His early experiences on boats aren't very promising. Invited by a friend to learn to sail as crew on a tiny twenty-one foot yacht, the pair make some elementary mistakes which Chris Stewart details with a deprecating and humorous tone. The pair miss being casualties for rescue by the local lifeboat by a whisker, such is their lack of experience.

Fortunately Chris' fortunes turn when he meets Tom Cunliffe and from there onwards he is hooked on the sea. A towering figure on Britain's yachting scene, Tom is rumbustious mariner, journalist and instructor. His fondness for high latitude sailing in his Bristol Channel Pilot Cutter, Hirta, ranks him alongside the legendary HW Tilman.
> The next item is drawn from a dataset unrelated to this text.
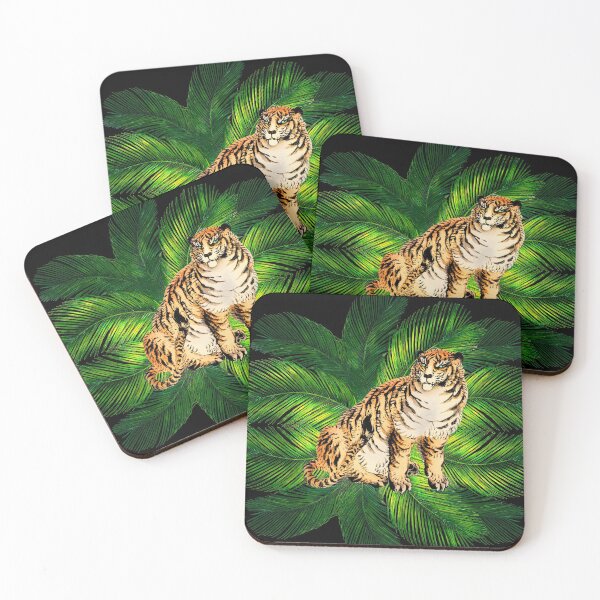 Item preview, Tiger Tropical Palm Leaves designed and sold by cannevas.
In a week, Tom teaches Chris enough for him to pass muster as skipper on a Cornish Crabber for a summer season in the Greek Islands. Unfortunately, when Chris arrives in Greece to find the boat, all is not plain sailing …

Tom invites Chris to join Hirta's voyage to North America, following the Viking route of the Vinland Sagas. Now this is not the relatively easy Atlantic tradewind route you might expect a well-found cruising yacht to make, via the Azores or the Canaries maybe. Hirta leaves Norway when the ice has melted sufficiently to make a northabout Great Circle passage, skirting Iceland and Greenland on the way to Newfoundland. It is a much more hazardous undertaking, what with gales, icebergs and fog. Very few sailors cruise the Labrador Sea!

It's worth saying that it was a bit warmer in Viking times (Actually it's a bit warmer these days than in the 1980's, as well). Twenty-five years ago, without thermal clothing, Gortex or survival suits, ocean voyaging was far less comfortable anyway. With no GPS or radar, there was a lot less certainty to the navigation, compared with, say, a round the world race today. For a young man, this ruffty-tuffty voyage was clearly a life-changing experience.

The author's memories remain vivid recollections of being fully alive (or nearly dead occasionally, come to that). Time after time, a deft turn of phrase distills the essence of the sea's appeal, even as we smile at his humour. His description of running, for example: … gliding across the shining swell with the wind behind us. This was a lovely motion that tended, with its feeling of being lifted and gently hurled forwards to where we wanted to go, to induce in us all a mild euphoria.

In a relatively short book, Chris absolutely nails how it feels to live on a small boat at sea. In minutely detailed accounts, he reveals exactly why it takes so long to get up in the night for a pee; what it's like to heave-to in a gale; how insidious fear creeps up while standing watch in fog, and the awesome, smelly experience of an enormous fin whale surfacing and keeping pace. I've seldom read a book which so exactly captures the emotions, isolation and exhilaration of sailing a small boat across an ocean.

I think that this writing is unusually authentic and successful because Chris is not afraid to show his vulnerability. From the few sailing books that we've reviewed here at The Bookbag, I'd pick out Ellen MacArthur's Taking on the World to recommend. It would make a great book to read by way of comparison with Chris Stewart's story. I'd also like to celebrate the fact that when she cried on camera during the Vendée Globe race, Ellen was the first successful sailor ever to show emotion in public. Whatever would Tilman have said?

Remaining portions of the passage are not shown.